The North Sea Region VB programme is at its mid-way point. What advice would you like to convey to potential applicants in Priority 3?

‘Projects in Priority 3 are first movers in terms of applications and implementation. Almost all the funding in this priority has been allocated, leaving money for only couple of projects. So I suppose my number one tip would be, “Apply now!” if you have a good project idea in this area,’ advises Axel.*

‘Following on that,’ continues Jenny, ‘since we don’t have too much funding left it is worth thinking about whether an idea you have could also fit under another priority with a slightly different focus, for example, Priority 2. But what’s really important is that you are devoted to your idea, can clearly explain the need for the project, and are able to show that it must be done using transnational cooperation. For example, the Netherlands is severely threatened by climate change. As a result they are experts in climate adaptation, flood defence, and much more. So they can guide other countries, but they can also learn from the experience of others. Project applicants should always think about how they can disseminate their results so they can be applied in other member states in the region and other countries in the EU.’

I understand you are working on helping some of the Priority 3 projects build a consortium or networking group. What is the aim of this group? How do you think will it further the aims of the programme?

‘Half of the approved projects in this priority are working with different aspects of improving resilience to climate change,’ explains Axel. ‘There is a conversation on extended cooperation among those projects. They are discussing whether it is possible to deliver a synthesis of the solutions and results developed by each project, which is more comprehensive and relevant for the programme area and will support better implementation of national and regional adaptation strategies. There is a long-term perspective, i.e. post-2020, of identifying adaptation challenges and needs. Climate change and its impacts are real; therefore, adaptation and resilience will also need to evolve. This initiative will help with that.’

* On 23-24 May 2018 the programme’s Monitoring Committee voted to approve a 5% over allocation of ERDF (European Regional Development Fund) in Priority 3, which means that there is an additional €1.839.794 available to projects approved from Call 5 onwards. The funding overview above reflects the updated amount of remaining ERDF.
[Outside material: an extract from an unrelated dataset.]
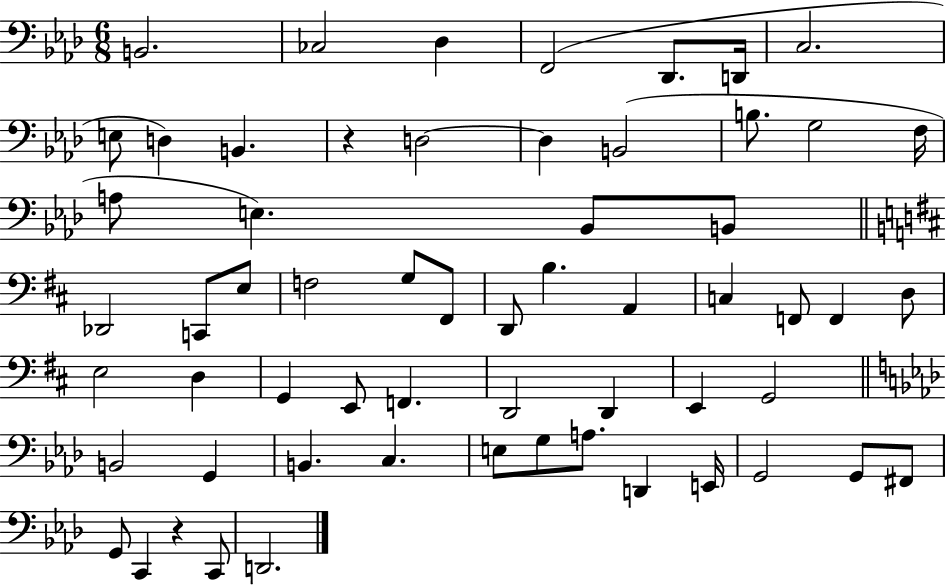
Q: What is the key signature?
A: AES major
Axel points to the North Sea Trail symbol during a hike in northern Jutland.

Axel has worked for many years on environmental and spatial planning at both the EU and international levels. He spent five of those in Brussels and three in Malaysia. In fact, he will celebrate 40 years in the Danish labour market on 6 June this year. During the Interreg NSRP IIIB programme period, he managed Danish funds for nature management, which co-funded Danish participation in the North Sea Trail project. ‘Working for the “other side” now, I find it fascinating and gratifying to be able to use the expertise I developed over 40 years and help projects develop their solutions and proofs of concept,’ Axel said. He lives with his wife in Hald Ege, which is close to the Joint Secretariat’s office in Viborg, Denmark. He has one daughter.
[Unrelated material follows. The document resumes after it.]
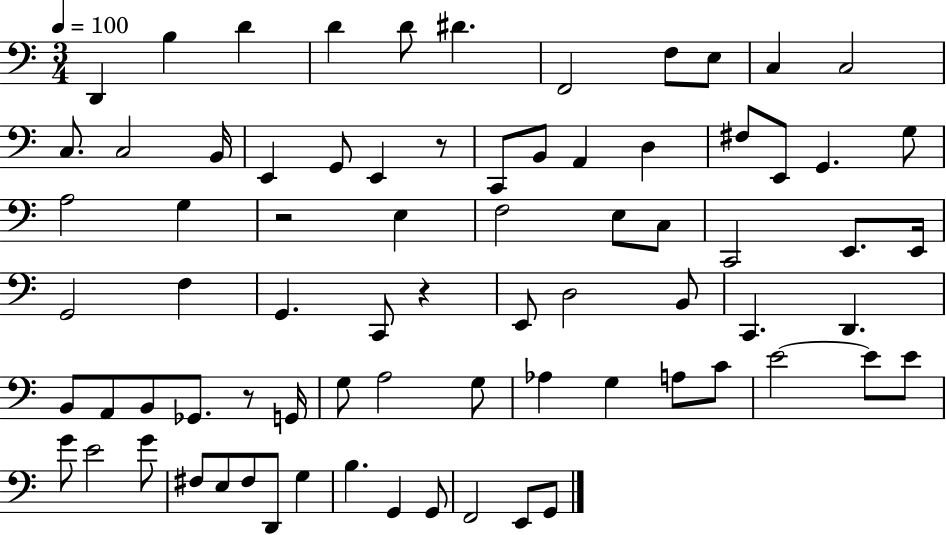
D2/q B3/q D4/q D4/q D4/e D#4/q. F2/h F3/e E3/e C3/q C3/h C3/e. C3/h B2/s E2/q G2/e E2/q R/e C2/e B2/e A2/q D3/q F#3/e E2/e G2/q. G3/e A3/h G3/q R/h E3/q F3/h E3/e C3/e C2/h E2/e. E2/s G2/h F3/q G2/q. C2/e R/q E2/e D3/h B2/e C2/q. D2/q. B2/e A2/e B2/e Gb2/e. R/e G2/s G3/e A3/h G3/e Ab3/q G3/q A3/e C4/e E4/h E4/e E4/e G4/e E4/h G4/e F#3/e E3/e F#3/e D2/e G3/q B3/q. G2/q G2/e F2/h E2/e G2/e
Jenny at the summit of Mount Kilimanjaro

Jenny is from Flensburg, Germany and has lived in Denmark for 1.5 years. She has also lived in Africa and the UK. ‘I like travelling,’ said Jenny. ‘I like getting to know the residents of the places I visit in order to learn about different cultures. One of the highlights of my travels was climbing mountain Kilimanjaro.’ When she is not traveling, Jenny enjoys being outdoors, especially close to the sea. She has recently taken up Stand Up Paddling (SUP), which is very popular in Aarhus, where she is based. Jenny joined the North Sea Region Programme after a couple of years with the Interreg IVA Syddanmark-Schleswig-K.E.R.N. programme.